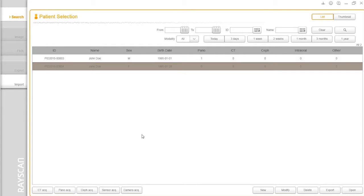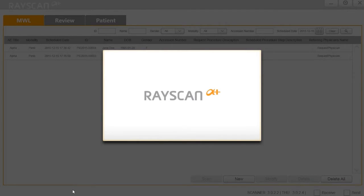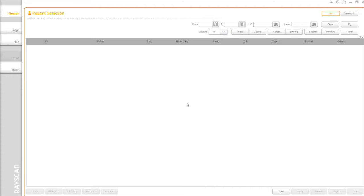On Ray Workstation, you can also launch the acquisition software by one click. Click the modality you need and the new interface will come up as shown. Drop down the modality you need. Let's start with CT.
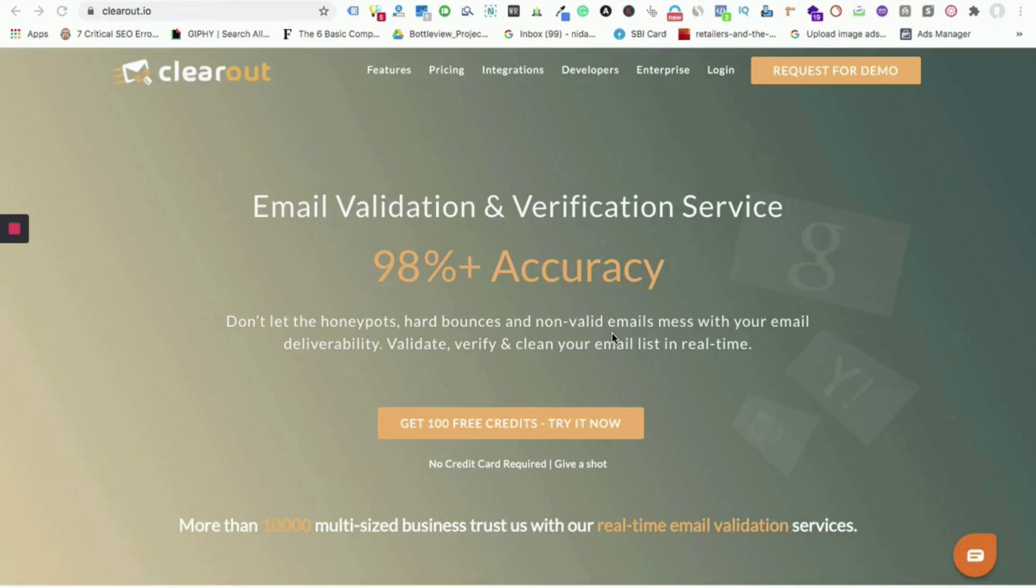Hello everyone and welcome to Clearout. Clearout is an email verification and validation platform that allows you to improve your email deliverability rate by making you aware of the invalid, catch-all, disposable, and other risky email addresses present in your database, therefore ultimately letting you fetch better results from your email marketing campaigns.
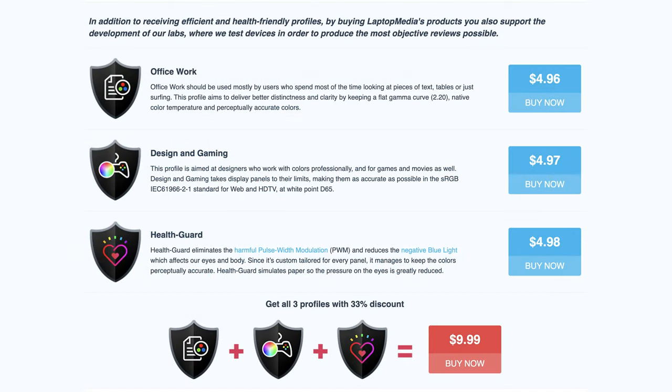You can still make use of our display profiles, especially if you're looking at lots of text or code, which is where our office work profile can help a lot, as it makes the characters appear more clear.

* Exercise goal
Line by line, write out the material above exactly, with no images.

* Answer box
On Ray Workstation, you can also launch the acquisition software by one click. Click the modality you need and the new interface will come up as shown. Drop down the modality you need. Let's start with CT.
Hello everyone and welcome to Clearout. Clearout is an email verification and validation platform that allows you to improve your email deliverability rate by making you aware of the invalid, catch-all, disposable, and other risky email addresses present in your database, therefore ultimately letting you fetch better results from your email marketing campaigns.
You can still make use of our display profiles, especially if you're looking at lots of text or code, which is where our office work profile can help a lot, as it makes the characters appear more clear.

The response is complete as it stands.